Thanks for your comment.

2. Simon Brangwin - July 30, 2009

I also believe your interpretation of MVVM is not quite ideal.
There’s no need to reference the View from the ViewModel, so why do it. It introduces an unnecessary constraint that there can be only one View per view model instance.
The explicit View.SetModel(this) code in the ViewModel constructor is redundant. The view can retrieve the matching view model via dependency injection as the View knows of the IViewModel interface and can ask the IoC container (Unity in Prisms case) for one.
All other connections between the View and the View Model are handled by Silverlight/WPF binding and Commands, or Pub/Sub events in Prism. View state can be managed by the view itself.
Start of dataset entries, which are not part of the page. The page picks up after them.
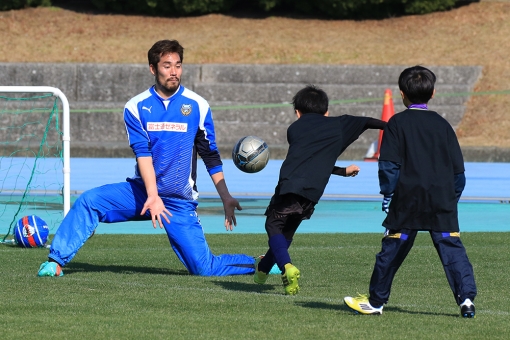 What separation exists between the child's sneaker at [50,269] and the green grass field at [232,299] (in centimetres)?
9

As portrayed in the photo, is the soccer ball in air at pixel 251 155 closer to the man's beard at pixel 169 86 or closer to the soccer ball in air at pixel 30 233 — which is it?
the man's beard at pixel 169 86

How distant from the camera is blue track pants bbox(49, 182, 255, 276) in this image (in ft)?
27.7

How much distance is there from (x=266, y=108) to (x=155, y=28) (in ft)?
23.8

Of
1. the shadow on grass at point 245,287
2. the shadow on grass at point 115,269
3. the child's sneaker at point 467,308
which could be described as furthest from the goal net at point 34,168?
the child's sneaker at point 467,308

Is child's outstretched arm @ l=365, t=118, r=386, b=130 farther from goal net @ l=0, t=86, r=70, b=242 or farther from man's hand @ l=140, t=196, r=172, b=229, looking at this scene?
goal net @ l=0, t=86, r=70, b=242

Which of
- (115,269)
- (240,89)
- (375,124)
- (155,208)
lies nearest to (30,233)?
(115,269)

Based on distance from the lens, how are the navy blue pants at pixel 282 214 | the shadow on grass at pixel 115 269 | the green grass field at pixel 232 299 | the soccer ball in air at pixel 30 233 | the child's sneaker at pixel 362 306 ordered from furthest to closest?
the soccer ball in air at pixel 30 233 < the shadow on grass at pixel 115 269 < the navy blue pants at pixel 282 214 < the child's sneaker at pixel 362 306 < the green grass field at pixel 232 299

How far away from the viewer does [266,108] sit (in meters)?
26.9

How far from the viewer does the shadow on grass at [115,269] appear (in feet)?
29.0

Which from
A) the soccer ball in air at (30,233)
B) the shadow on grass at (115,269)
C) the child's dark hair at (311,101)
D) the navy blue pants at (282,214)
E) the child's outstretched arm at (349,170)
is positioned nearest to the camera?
the child's outstretched arm at (349,170)

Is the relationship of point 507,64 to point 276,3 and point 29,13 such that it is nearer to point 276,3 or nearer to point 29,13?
point 276,3

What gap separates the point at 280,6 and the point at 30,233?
24401 mm

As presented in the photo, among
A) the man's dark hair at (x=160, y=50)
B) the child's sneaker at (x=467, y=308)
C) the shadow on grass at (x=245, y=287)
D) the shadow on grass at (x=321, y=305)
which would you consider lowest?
the shadow on grass at (x=245, y=287)

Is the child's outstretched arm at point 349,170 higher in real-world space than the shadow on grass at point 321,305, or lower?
higher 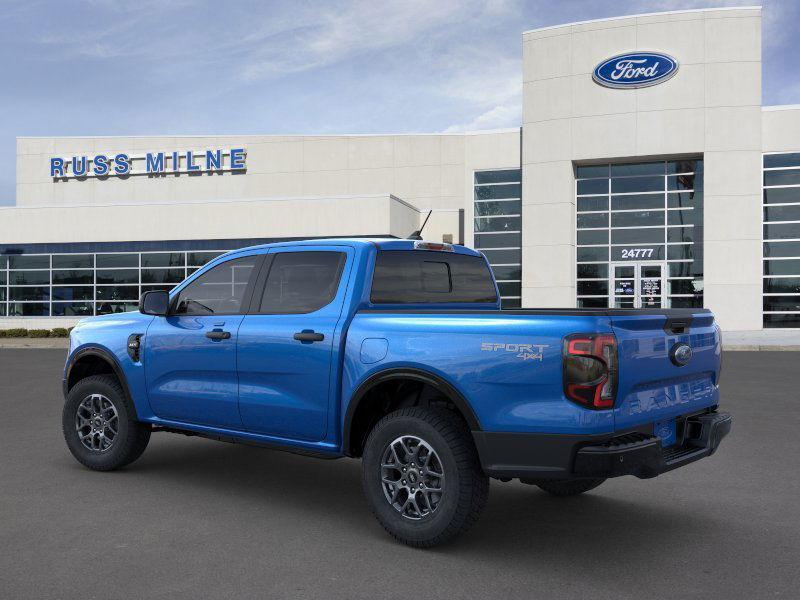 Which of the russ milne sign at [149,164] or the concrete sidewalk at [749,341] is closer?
the concrete sidewalk at [749,341]

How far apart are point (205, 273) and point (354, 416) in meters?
1.96

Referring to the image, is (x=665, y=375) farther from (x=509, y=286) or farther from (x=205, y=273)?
(x=509, y=286)

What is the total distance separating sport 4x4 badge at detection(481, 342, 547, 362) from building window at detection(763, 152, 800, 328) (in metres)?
30.1

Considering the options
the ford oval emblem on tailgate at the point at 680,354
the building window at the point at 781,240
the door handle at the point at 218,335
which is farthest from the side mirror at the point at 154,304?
the building window at the point at 781,240

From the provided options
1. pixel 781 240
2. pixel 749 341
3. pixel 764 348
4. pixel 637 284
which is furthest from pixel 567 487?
pixel 781 240

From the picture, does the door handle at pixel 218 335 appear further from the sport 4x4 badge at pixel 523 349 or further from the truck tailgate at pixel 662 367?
the truck tailgate at pixel 662 367

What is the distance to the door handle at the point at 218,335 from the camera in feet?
19.2

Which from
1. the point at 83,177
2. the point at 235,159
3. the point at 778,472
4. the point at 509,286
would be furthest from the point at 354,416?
the point at 83,177

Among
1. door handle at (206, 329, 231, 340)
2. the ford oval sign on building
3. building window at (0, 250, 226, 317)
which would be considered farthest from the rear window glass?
building window at (0, 250, 226, 317)

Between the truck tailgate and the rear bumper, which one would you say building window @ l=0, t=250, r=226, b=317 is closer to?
the truck tailgate

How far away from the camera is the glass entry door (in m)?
32.4

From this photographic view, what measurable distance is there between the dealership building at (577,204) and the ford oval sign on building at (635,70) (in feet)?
0.18

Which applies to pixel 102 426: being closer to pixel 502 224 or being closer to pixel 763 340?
pixel 763 340

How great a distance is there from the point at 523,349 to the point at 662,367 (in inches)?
35.3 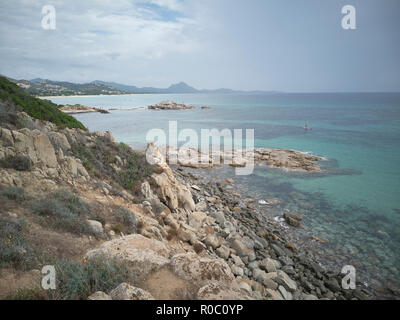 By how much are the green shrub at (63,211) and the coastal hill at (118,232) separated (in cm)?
3

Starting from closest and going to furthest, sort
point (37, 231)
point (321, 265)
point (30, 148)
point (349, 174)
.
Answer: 1. point (37, 231)
2. point (30, 148)
3. point (321, 265)
4. point (349, 174)

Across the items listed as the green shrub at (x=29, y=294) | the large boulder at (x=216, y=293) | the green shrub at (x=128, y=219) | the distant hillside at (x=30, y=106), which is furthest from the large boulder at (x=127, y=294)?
the distant hillside at (x=30, y=106)

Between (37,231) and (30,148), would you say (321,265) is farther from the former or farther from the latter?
(30,148)

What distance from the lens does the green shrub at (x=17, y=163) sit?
23.5 ft

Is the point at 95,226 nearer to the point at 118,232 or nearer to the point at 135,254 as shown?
the point at 118,232

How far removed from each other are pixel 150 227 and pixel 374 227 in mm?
13604

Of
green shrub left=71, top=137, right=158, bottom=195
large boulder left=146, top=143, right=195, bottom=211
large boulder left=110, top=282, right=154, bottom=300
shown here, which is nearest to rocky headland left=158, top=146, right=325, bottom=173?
large boulder left=146, top=143, right=195, bottom=211

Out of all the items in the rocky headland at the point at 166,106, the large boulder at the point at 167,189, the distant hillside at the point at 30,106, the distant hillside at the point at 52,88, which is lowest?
the large boulder at the point at 167,189

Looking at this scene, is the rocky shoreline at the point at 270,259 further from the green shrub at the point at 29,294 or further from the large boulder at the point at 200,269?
the green shrub at the point at 29,294

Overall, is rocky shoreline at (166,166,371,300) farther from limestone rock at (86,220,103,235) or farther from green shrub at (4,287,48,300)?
green shrub at (4,287,48,300)

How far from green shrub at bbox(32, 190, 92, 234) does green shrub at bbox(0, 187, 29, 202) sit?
0.40 meters

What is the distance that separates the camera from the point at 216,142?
1407 inches

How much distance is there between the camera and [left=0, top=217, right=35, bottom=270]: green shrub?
4234mm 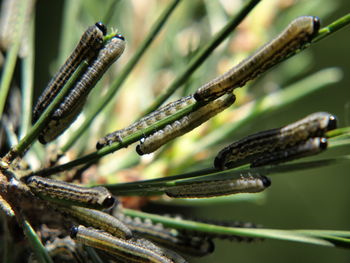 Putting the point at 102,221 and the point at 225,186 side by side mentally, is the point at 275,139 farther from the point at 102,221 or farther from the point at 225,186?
the point at 102,221

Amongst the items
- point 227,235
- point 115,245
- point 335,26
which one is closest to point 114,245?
point 115,245

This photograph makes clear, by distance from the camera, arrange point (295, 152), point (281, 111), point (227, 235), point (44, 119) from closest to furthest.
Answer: point (295, 152)
point (44, 119)
point (227, 235)
point (281, 111)

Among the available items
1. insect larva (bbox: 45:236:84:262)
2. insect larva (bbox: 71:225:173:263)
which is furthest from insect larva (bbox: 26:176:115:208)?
insect larva (bbox: 45:236:84:262)

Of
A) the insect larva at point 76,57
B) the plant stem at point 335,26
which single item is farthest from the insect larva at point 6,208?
the plant stem at point 335,26

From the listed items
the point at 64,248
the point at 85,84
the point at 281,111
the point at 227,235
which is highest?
the point at 281,111

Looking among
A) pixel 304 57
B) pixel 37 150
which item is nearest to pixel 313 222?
pixel 304 57

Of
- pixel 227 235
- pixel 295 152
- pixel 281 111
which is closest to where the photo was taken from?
pixel 295 152

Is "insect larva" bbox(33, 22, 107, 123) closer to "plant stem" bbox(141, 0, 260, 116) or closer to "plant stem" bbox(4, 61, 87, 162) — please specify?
"plant stem" bbox(4, 61, 87, 162)

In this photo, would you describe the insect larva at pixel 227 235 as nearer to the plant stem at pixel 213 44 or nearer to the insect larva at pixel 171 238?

There’s absolutely no reason that I can see why the ViewModel would ever need to know about the view? For all it cares there could be any number of different of Views using it or none at all which is the elegance of this pattern IMHO.

wesaday - July 30, 2009

You are of course entitled to your opinion. I do not advocate referencing the view directly. If you examine the code I believe that you will find that the reference is to an interface not tied directly to a view. As long as a view implements the interface, there is no constraint and you can have multiple views using the same viewmodel.

wesaday - April 29, 2010

Thank you for your comment. I understood them completely. I think you missed my point entirely. First of all this is an example of MVVM in the confines of Prism. And second there is no reason whatsoever why the VM can not know about the existence of the View. And this is coming from the Patterns &Practices group. If you can point to a rule that says that the VM is absolutley not to know anything about the View than I will be more than happy to read up about it.